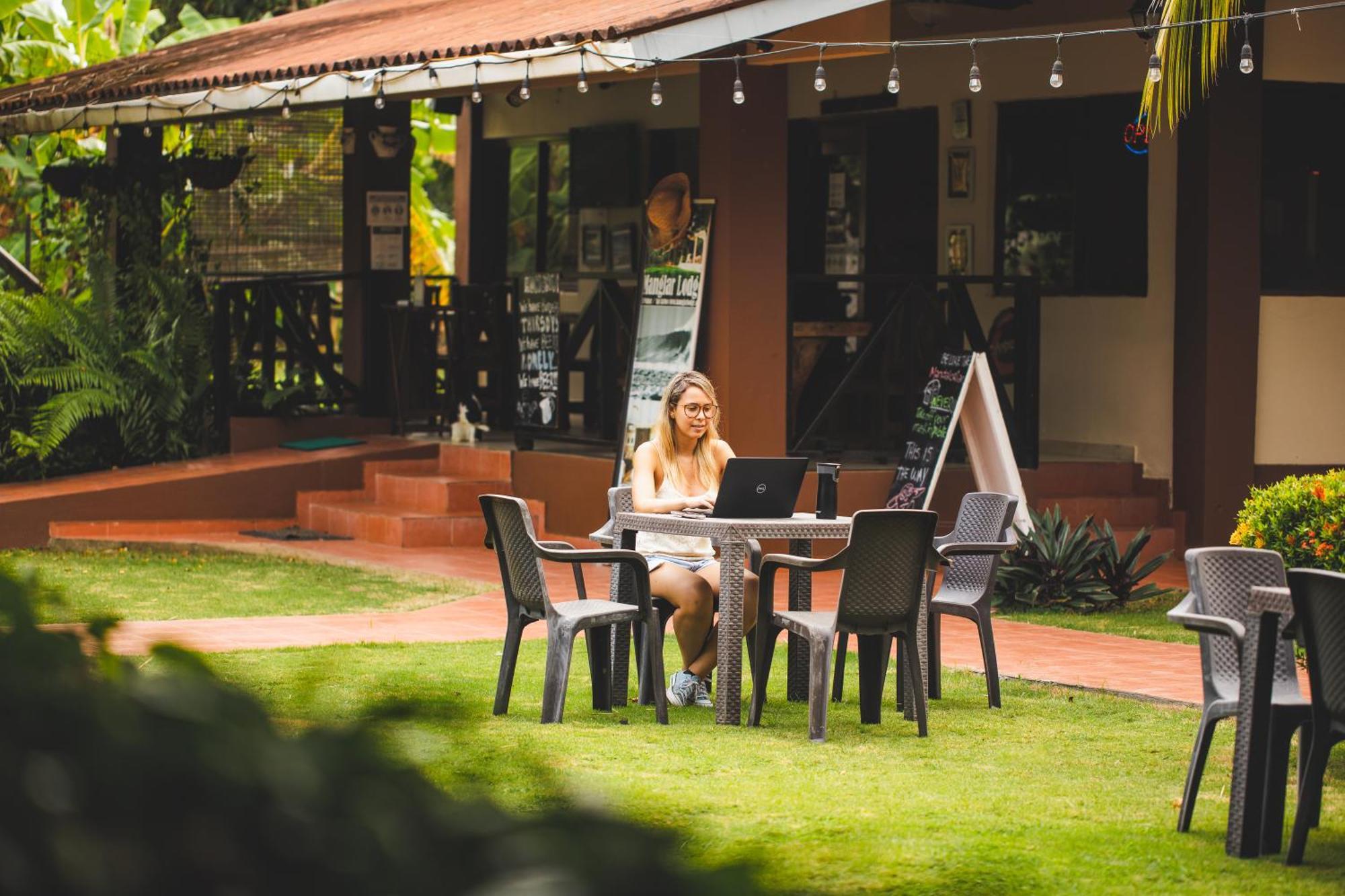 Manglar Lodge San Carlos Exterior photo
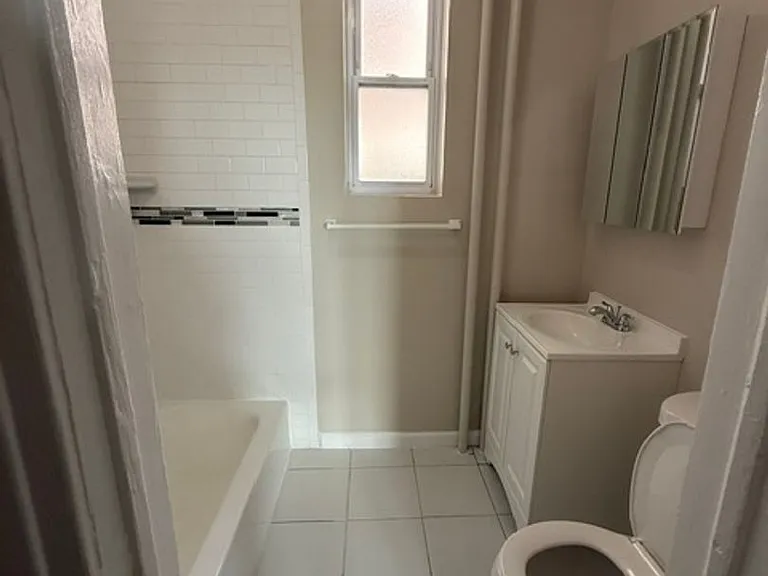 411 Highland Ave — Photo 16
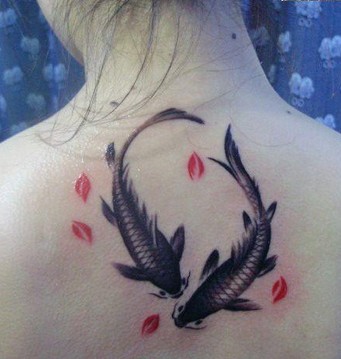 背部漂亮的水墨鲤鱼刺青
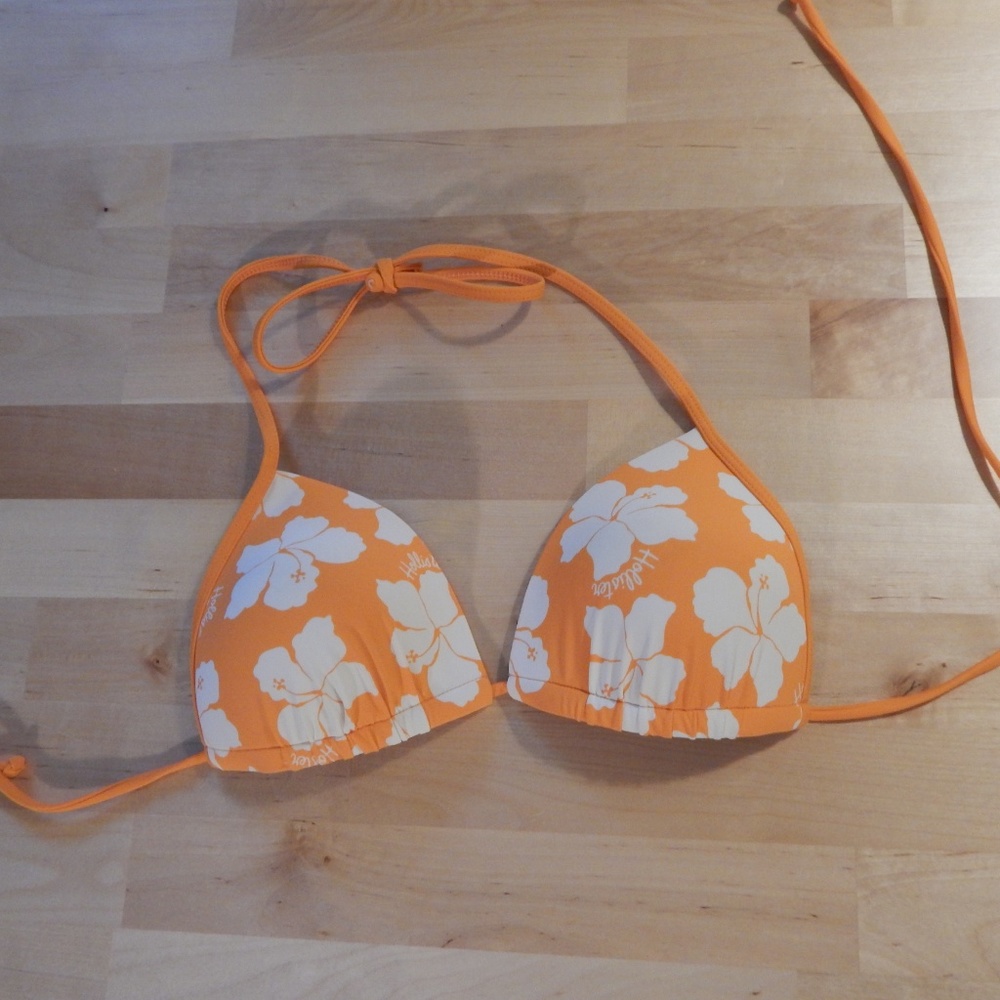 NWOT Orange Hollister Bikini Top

........

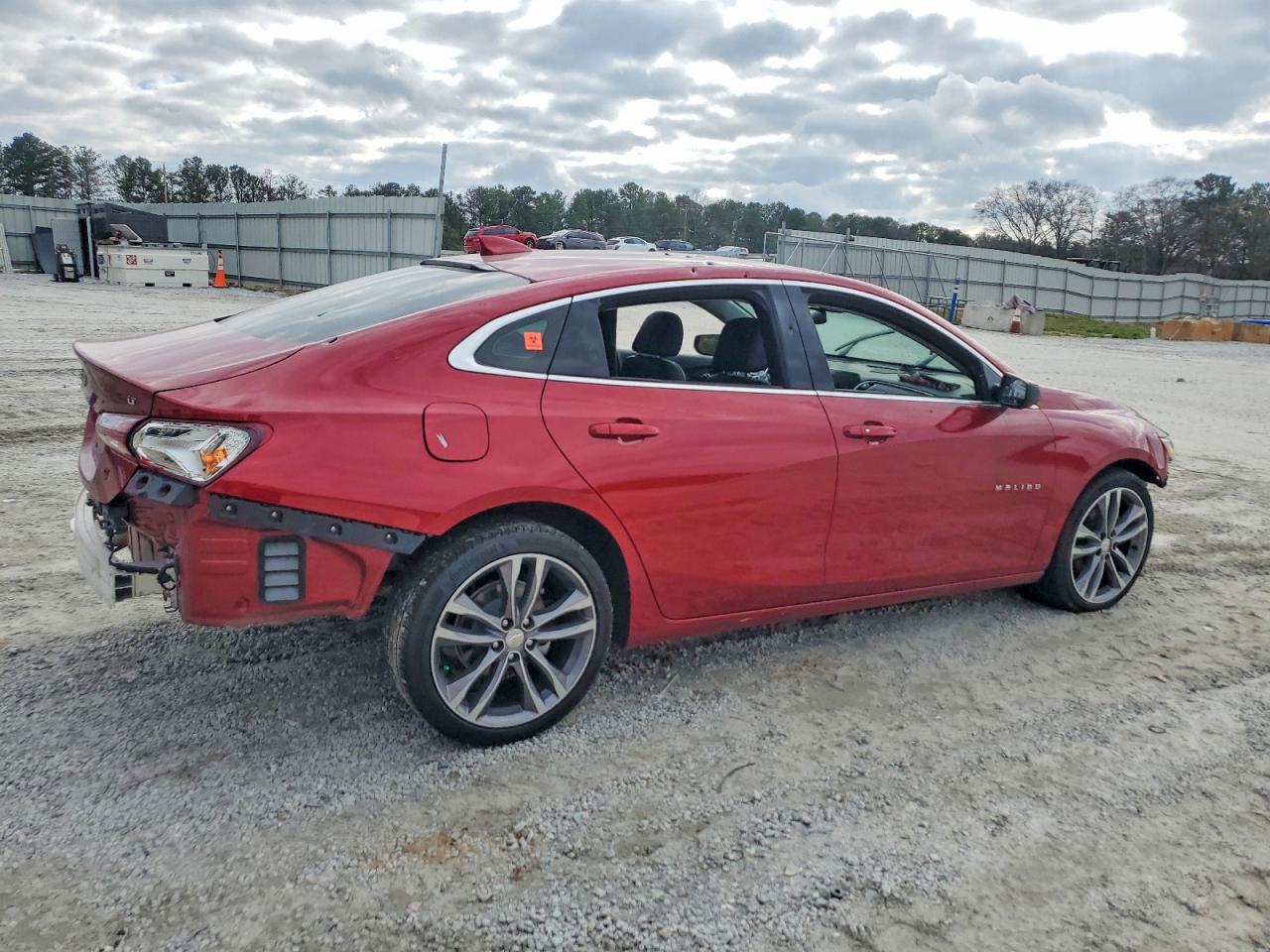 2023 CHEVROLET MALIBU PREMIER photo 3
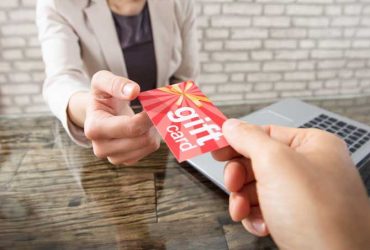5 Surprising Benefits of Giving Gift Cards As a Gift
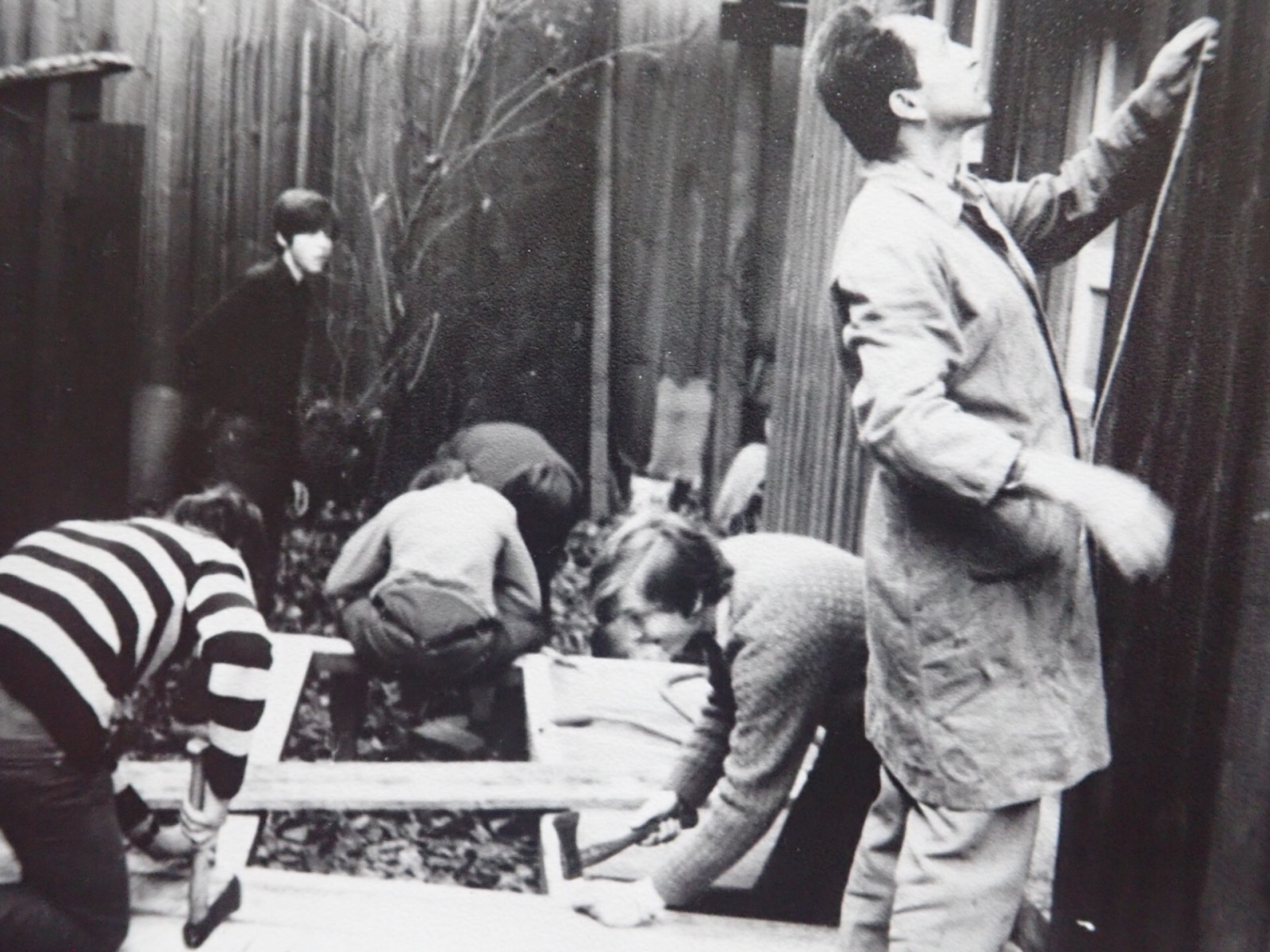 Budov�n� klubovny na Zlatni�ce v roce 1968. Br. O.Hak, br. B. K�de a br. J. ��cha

........

__TASK DETAILS__. An exact copy is needed of the entries above, starting at the line that holds "2023 CHEVROLET MALIBU PREMIER photo 3" and stopping at the line that holds "Budov�n� klubovny na", both kept; pictures stay out.

__TASK ANSWER__.
 2023 CHEVROLET MALIBU PREMIER photo 3
5 Surprising Benefits of Giving Gift Cards As a Gift
 Budov�n� klubovny na Zlatni�ce v roce 1968. Br. O.Hak, br. B. K�de a br. J. ��cha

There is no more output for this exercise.